● **Work order**
The listing below holds pictures; exclude them. Return exactly the lines from the one with "- Cairo Duplex" through the one with "The Griffin's Maiden image".

*** Opening Provided records ***

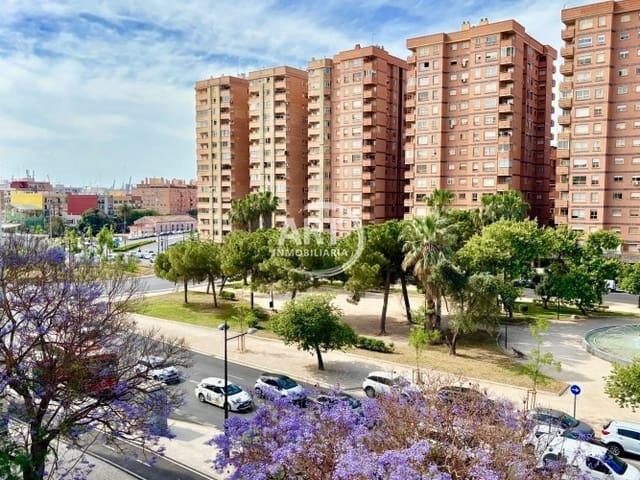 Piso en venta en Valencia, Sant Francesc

*** Closing Provided records ***
*** Opening Provided records ***

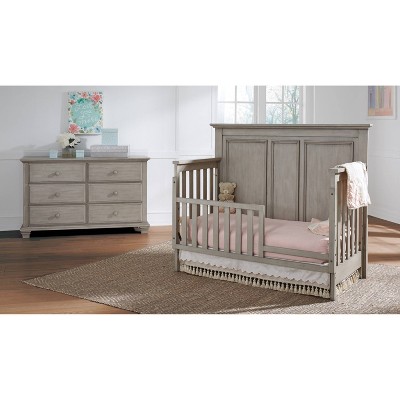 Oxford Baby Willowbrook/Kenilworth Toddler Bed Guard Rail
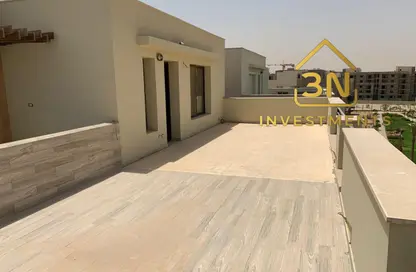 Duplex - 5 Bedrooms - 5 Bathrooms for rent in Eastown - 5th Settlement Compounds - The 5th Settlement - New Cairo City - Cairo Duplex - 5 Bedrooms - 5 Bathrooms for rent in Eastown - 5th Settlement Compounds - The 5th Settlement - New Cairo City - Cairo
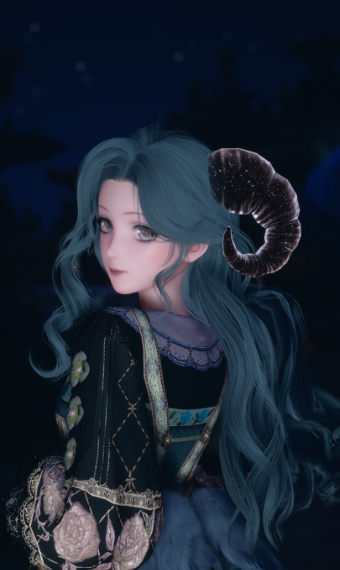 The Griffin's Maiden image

*** Closing Provided records ***

● **Written response**
 Duplex - 5 Bedrooms - 5 Bathrooms for rent in Eastown - 5th Settlement Compounds - The 5th Settlement - New Cairo City - Cairo Duplex - 5 Bedrooms - 5 Bathrooms for rent in Eastown - 5th Settlement Compounds - The 5th Settlement - New Cairo City - Cairo
 The Griffin's Maiden image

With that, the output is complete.